Make sure you’ve followed the Developer Machine Setup before starting this section
Pick a Mounting Point¶
We’re first going to look at the default Limo model to decide where we want to mount our new hardware
roslaunch limo_viz view_four_diff_model.launch
This will show a static version of the URDF that the robot is using.
To visualize the individual frames that make up the robot, under Add in the bottom-left, select TF out of the list
That will display all of the Transform Frames in use. This can get really messy to see, so expand TF, and under Frames, un-check all of them except base_link. That will show only the link we will use for our attachment
Create your URDF¶
You can create a whole new package for this if you are comfortable with ROS. For simplicity, we are going to expand the limo_description package.
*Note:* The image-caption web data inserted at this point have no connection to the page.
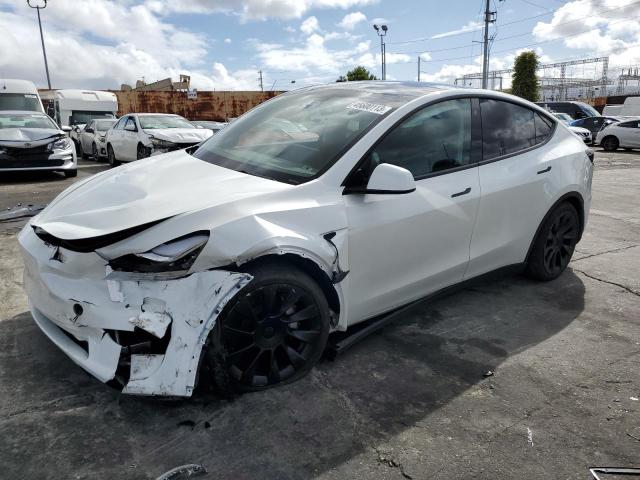 TESLA MODEL Y 2022 with VIN 7SAYGDEE9NA019908 - Photo from auction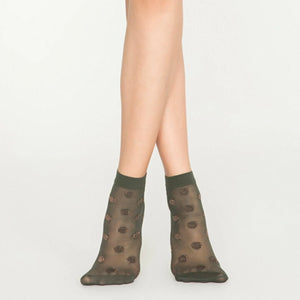 Person wearing sheer khaki ankle socks with rose gold dots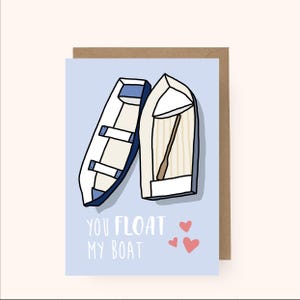 May include: An illustrated card featuring two boats in blue and white with the text "You float my boat" and three pink hearts.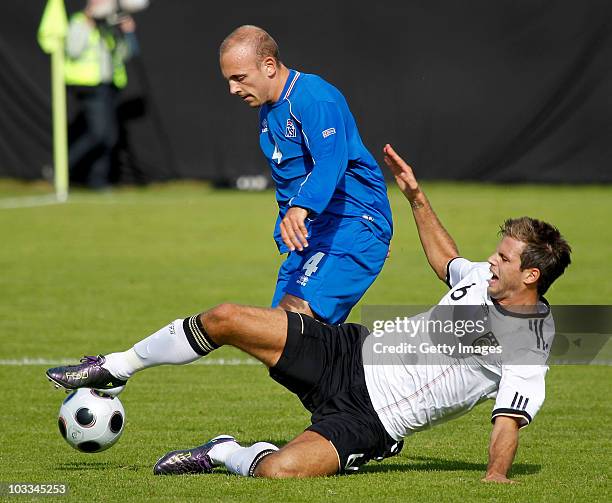 Dennis Diekmeier of Germany challenges Kristinn Jonsson of Iceland during the UEFA U21 championship match betweeen Iceland and Germany on August 11,...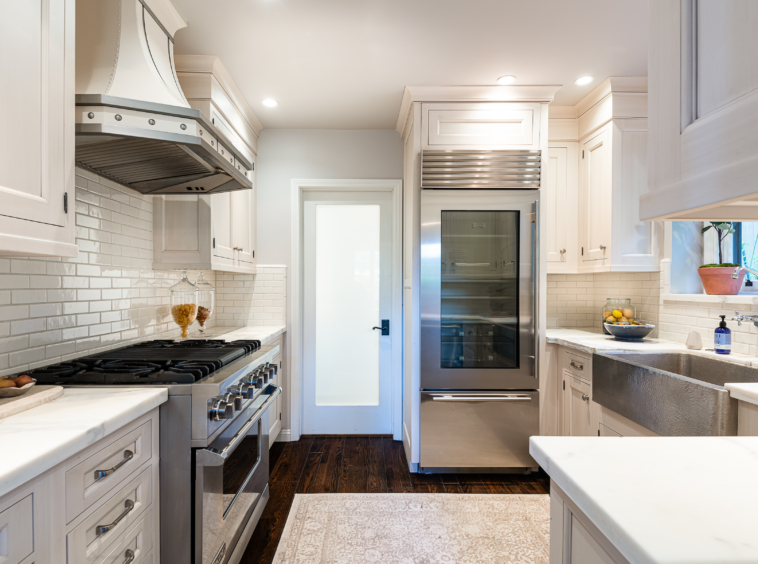 Modern bright, white kitchen with stainless steel appliances, dark hardwood floor and hammered apron sink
Download the cone model from HERE (Right-click and save link as). Take the downloaded file and move it into the “meshes” folder under limo_description.
Next, create a new text file under the “urdf” folder in limo_description and call it “cone.urdf.xacro”. Open that file with your favourite text editor and past in the text below
<robot name="cone" xmlns:xacro="http://ros.org/wiki/xacro">
<link name="cone_link">
<visual>
<origin xyz="0 0 0" rpy="0 0 0" />
<geometry>
<mesh filename="package://limo_description/meshes/cone.dae" />
</geometry>
</visual>
<collision>
<origin xyz="0 0 0" rpy="0 0 0" />
<geometry>
<mesh filename="package://limo_description/meshes/cone.dae" />
</geometry>
</collision>
</link>
<joint name="cone_joint" type="fixed">
<parent link="base_link"/>
<child link="cone_link"/>
<origin xyz="0 0 0" rpy="0 0 0" />
</joint>
</robot>
This file is an XML file. It has 2 tags, link and joint. A link is a rigid body. It doesn’t strictly need to have any mass or volume. The other important tag is a joint. This is the way that links are connected together. It could be a static joint (like glue or a bolt) or it could be a controlled joint (revolute, linear, etc)
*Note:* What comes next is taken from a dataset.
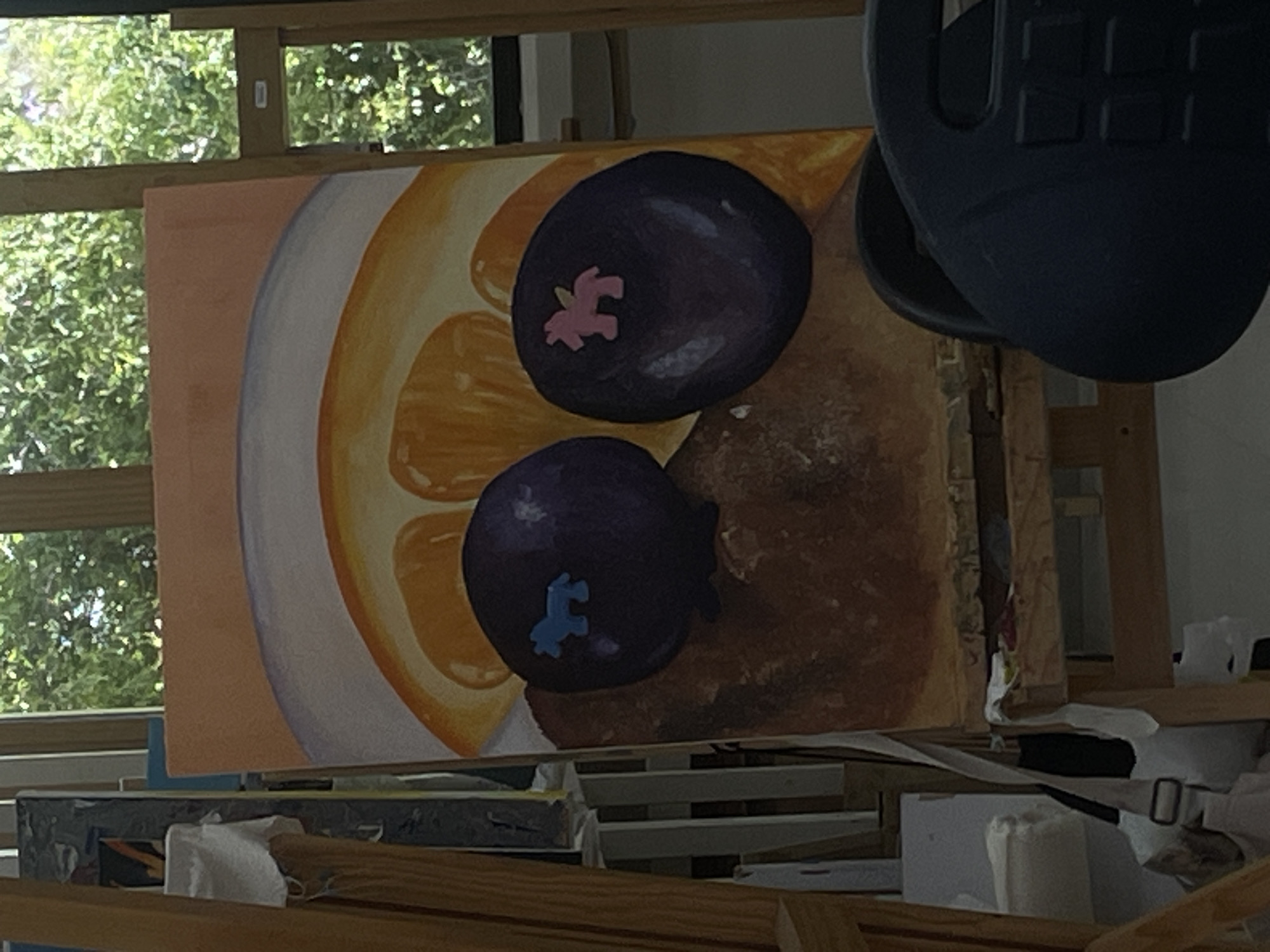 The media file captures a close-up view of an artwork in what appears to be an art studio, possibly in San Andrés Cholula, Mexico. The central subject is a vibrant painting featuring a still life arrangement. The painting depicts several slices of citrus fruit, likely oranges or lemons, rendered in bright yellow and orange tones with visible segment lines. A white or light grey rim of a plate or bowl is partially visible on the left side, framing the citrus. Two large, dark purple fruits, resembling blueberries or mangosteens, are prominently placed on top of the citrus slices. Each of these purple fruits has a distinct, lighter-colored marking on its surface; one has a pink, almost jigsaw-piece-like shape, and the other has a similar shape in light blue. The background of the painted composition is a textured brown.
The painting is mounted on a wooden easel, positioned in front of a window. Through the window, lush green foliage of trees or bushes is visible, suggesting an outdoor natural environment and indicating a daytime setting with ample natural light. Below the painting, various objects associated with an art studio are visible, including what look like other canvases or boards, some rolls of white material (possibly paper towels or rags), and other indistinct art supplies. A dark, irregularly shaped object, possibly part of a camera or equipment, is partially visible in the upper right corner of the frame. No discernible text is visible in the image. The scene conveys a quiet, creative atmosphere within an artist's workspace.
Our urdf has a static (fixed) joint that connects a link called “cone_link” to “base_link”. It currently has no offset from the normal base_link. It also has a dae file to give a visual shape to the link and the same dae to calculate collisions.
Add it to the Limo¶
The limo has a line in the URDF that allows simple modification. This will include nothing by default, but if a URDF is specified at the URDF_EXTENSION environment variable, it will include it
<xacro:include filename="$(optenv URDF_EXTENSION empty.urdf)" />
To set the environment variable, past the line below into your terminal
export URDF_EXTENSION=$(catkin_find limo_description urdf/cone.urdf.xacro --first-only)
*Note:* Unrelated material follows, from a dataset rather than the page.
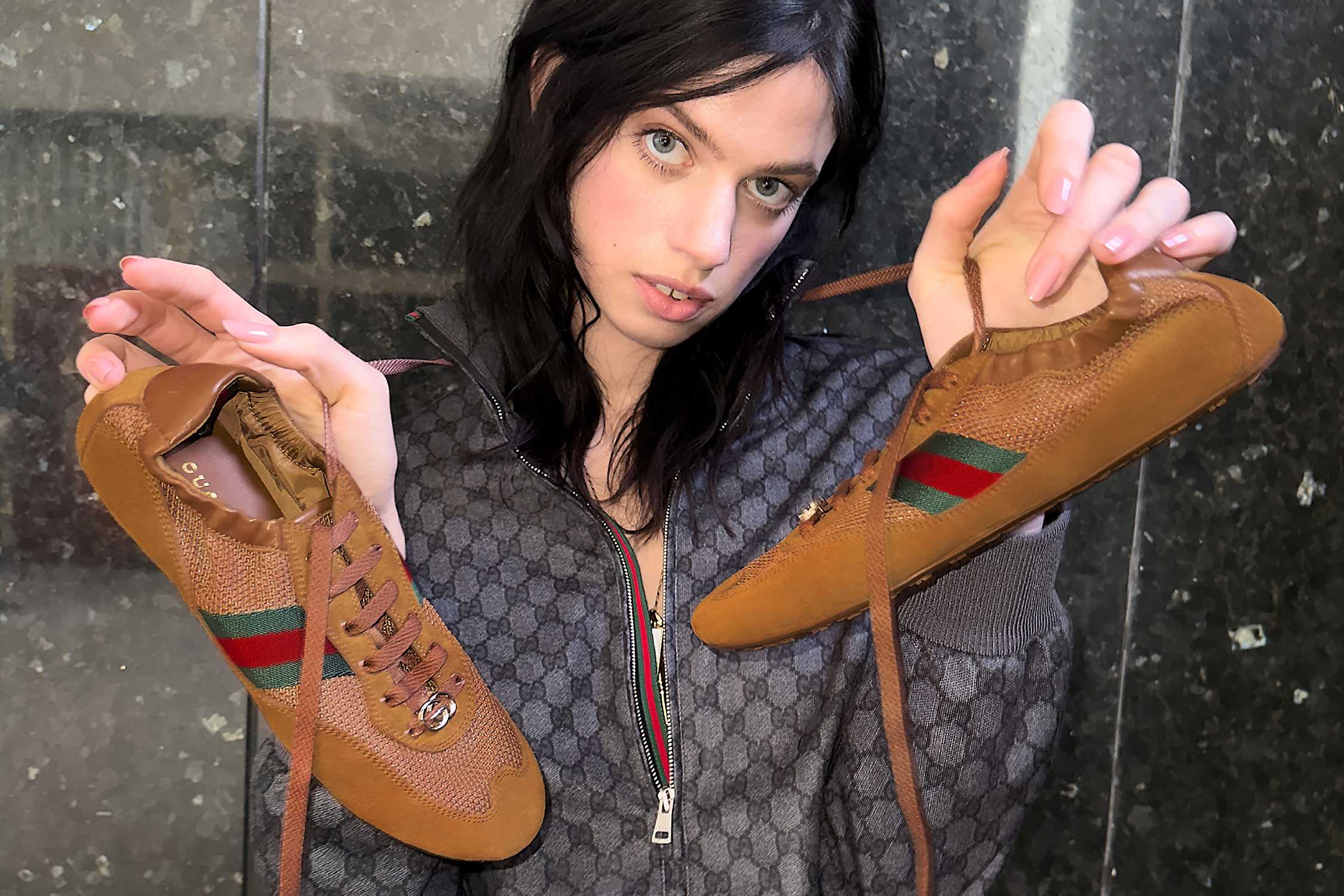 Brown Gucci sneakers with stripes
This will use catkin to find the limo_description package and then return the filepath for urdf/cone.urdf.xacro. All of that will be saved in the URDF_EXTENSION environment variable
URDF Adjustments¶
The geometry for this cone is much too large for our limo. Add the scale property to each geometry tag to scale it down
<geometry>
<mesh filename="package://limo_description/meshes/cone.dae" scale="0.07 0.07 0.07"/>
</geometry>
That makes the cone a much better size, but it is still hitting the antennas. We want to shift it back slightly. We could move the visual and collision geometry back, but then the cone won’t line up with its frame anymore. It’s better to shift the joint that connects the cone to the robot.
<joint name="cone_joint" type="fixed">
<parent link="base_link"/>
<child link="cone_link"/>
<origin xyz="-0.03 0 0" rpy="0 0 0" />
</joint>
Gazebo¶
When running a simulation in Gazebo, it’s important that Gazebo knows the physical properties of the object. It does that through an inertial tag within the link tag. The intertial values vary for each object, but below is a basic “dummy” inertia to start with
<inertial>
<origin xyz="0 0 0" rpy="0 0 0"/>
<mass value="1"/>
<inertia
ixx="1.0" ixy="0.0" ixz="0.0"
iyy="1.0" iyz="0.0"
izz="1.0"/>
</inertial>